# Thank You!!



## RizFam (Feb 25, 2006)

_Hello my Friends!

We are still and forever will be, in awe of all of your Love, Support, Prayers & Kindness! 
You are an amazing group and we feel so Blessed to be a part of this Very Special Family!
__ 










 I am doing well just a bit tired & sore. God was clearly listening & watching over us!

Lots of Love,
the Riz-Family_


----------



## PDX_Doug (Nov 16, 2004)

*WHOO HOO!!!*

*TAMI'S BACK!!!*








Welcome home, friend! It's good to have you back!









Happy Trails,
Doug


----------



## Lady Di (Oct 28, 2005)

Tami, Welcome Home

Rita


----------



## biga (Apr 17, 2006)

Welcome Home. Mrs BigA and I have been thinking of you and praying for you. We are glad you are now on the road to recovery!
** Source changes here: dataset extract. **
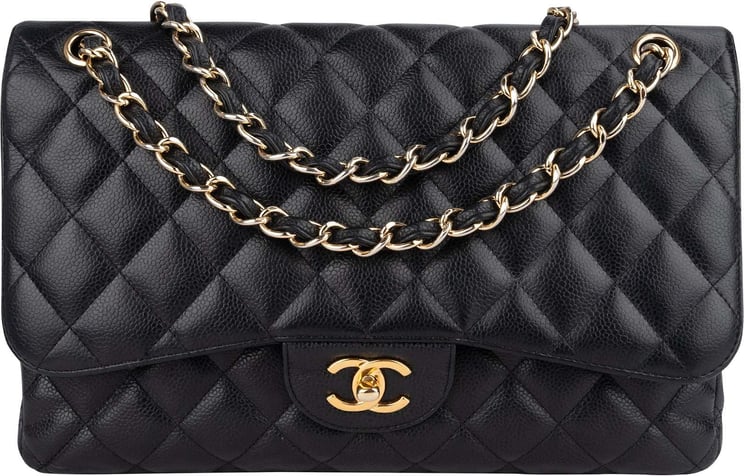 Chanel Chanel Quilted Caviar Leather Jumbo Double Flap Crossbody Bag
So, you have a camping trip scheduled for this weekend?


----------



## mollyp (Aug 10, 2005)

Tami,

A big welcome home to you. We missed you. We will keep you in prayer as you continue to heal and gain strength.

God Bless!


----------



## BritsOnTour (Sep 15, 2006)

So glad to hear you're back with your 'boys'; I'm sure you're thrilled and much relieved.
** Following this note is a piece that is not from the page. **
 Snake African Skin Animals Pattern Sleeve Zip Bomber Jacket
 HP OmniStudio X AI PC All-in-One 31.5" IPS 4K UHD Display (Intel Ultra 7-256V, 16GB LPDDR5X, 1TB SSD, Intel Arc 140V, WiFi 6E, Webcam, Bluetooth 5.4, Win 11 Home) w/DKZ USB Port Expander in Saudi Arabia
Hope you've got a bit of help before you dive back in full-pelt!!

Continuing to think of you while life returns to normal......

Ali


----------



## Doxie-Doglover-Too (Jan 25, 2007)

WELCOME BACK!! 
you're right where you want to be, with your boys! I bet JL was happy to see his momma! 
Don't try to do too much too soon! 
Tawnya


----------



## 4ME (Sep 11, 2006)

Welcome Back!
Glad to hear your back so soon.


----------



## hurricaneplumber (Apr 12, 2004)

Good to hear from you Tami!!









glad you're okay.


----------



## h2oman (Nov 17, 2005)




----------



## Fire44 (Mar 6, 2005)

Tami,

I am so happy to hear you are home. I'm sure the boys are glad to have you back. But take it easy....

Gary


----------



## SharonAG (Jun 18, 2005)

Tami

Welcome home!!!! Make sure you take it easy!!

Sharon and Greg


----------



## nonny (Aug 14, 2005)

So glad you're home. Prayers will be sent your way for a quick recovery. God bless, my friend!


----------



## Rollrs45 (May 7, 2007)

Welcome home...


----------



## 3athlete (May 14, 2006)

Tami,

so glad to see that you're on the road to recovery. you and your family continue to be in our prayers every day. tim will play a special tune for jl when he's practicing this weekend!

take care!


----------



## Zymurgist (Apr 2, 2007)

To Tami,

Welcome Home!

To the whole family,

You guys need to take about a week off to make up for the lost Holiday and anniversary.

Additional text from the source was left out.